TRY IT
Word for word, output every line of the material below, minus pictures.

START DATA SECTION

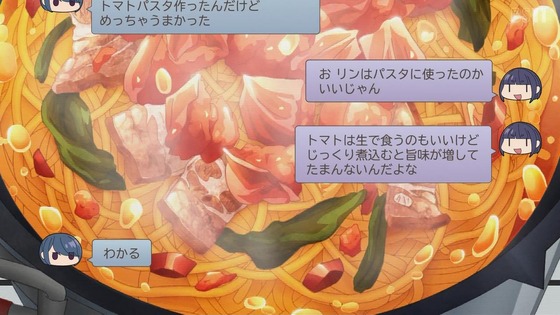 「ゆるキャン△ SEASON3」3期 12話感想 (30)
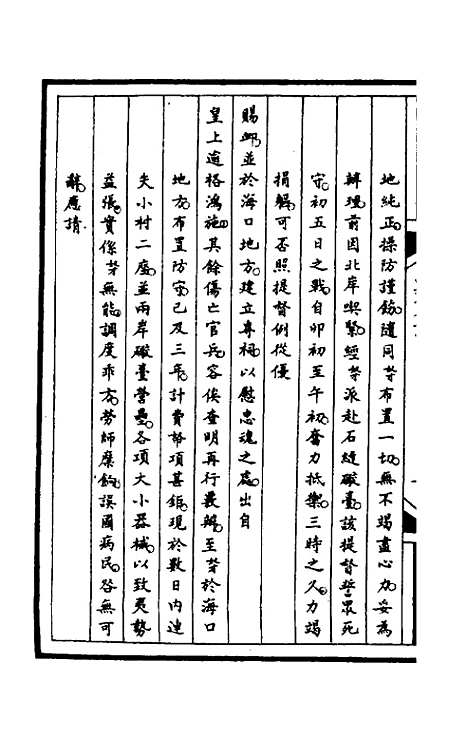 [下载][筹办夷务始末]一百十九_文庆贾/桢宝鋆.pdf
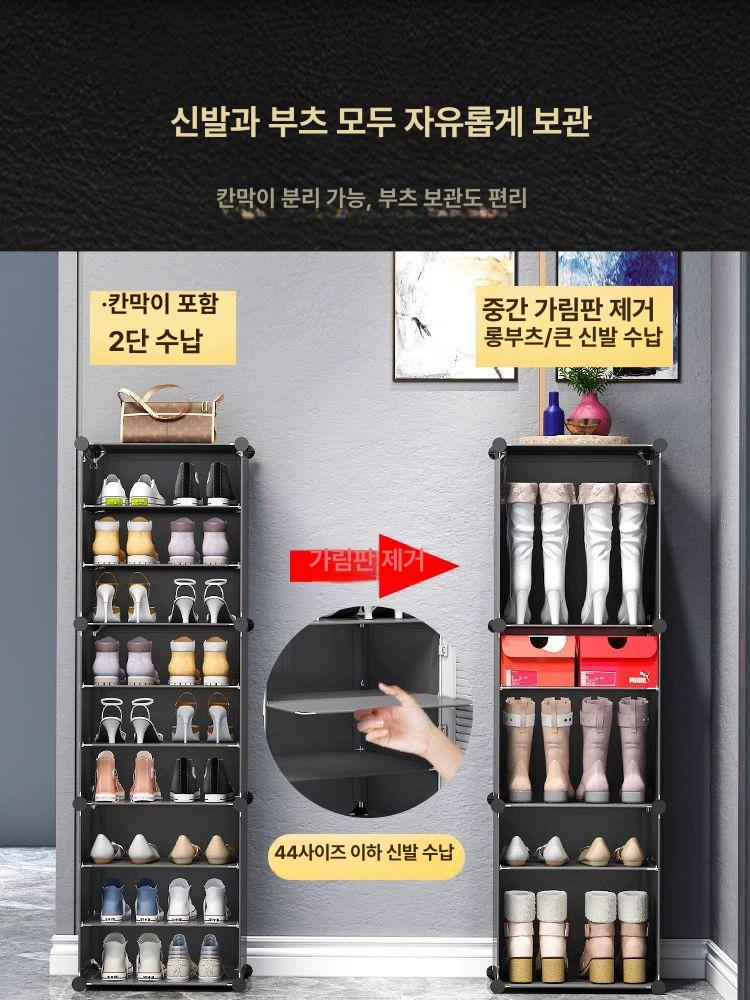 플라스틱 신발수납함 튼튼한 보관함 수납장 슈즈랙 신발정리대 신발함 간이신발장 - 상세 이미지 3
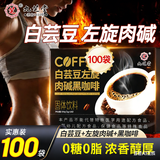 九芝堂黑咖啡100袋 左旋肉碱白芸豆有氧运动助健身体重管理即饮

END DATA SECTION

TASK RESPONSE
 「ゆるキャン△ SEASON3」3期 12話感想 (30)
 [下载][筹办夷务始末]一百十九_文庆贾/桢宝鋆.pdf
 플라스틱 신발수납함 튼튼한 보관함 수납장 슈즈랙 신발정리대 신발함 간이신발장 - 상세 이미지 3
 九芝堂黑咖啡100袋 左旋肉碱白芸豆有氧运动助健身体重管理即饮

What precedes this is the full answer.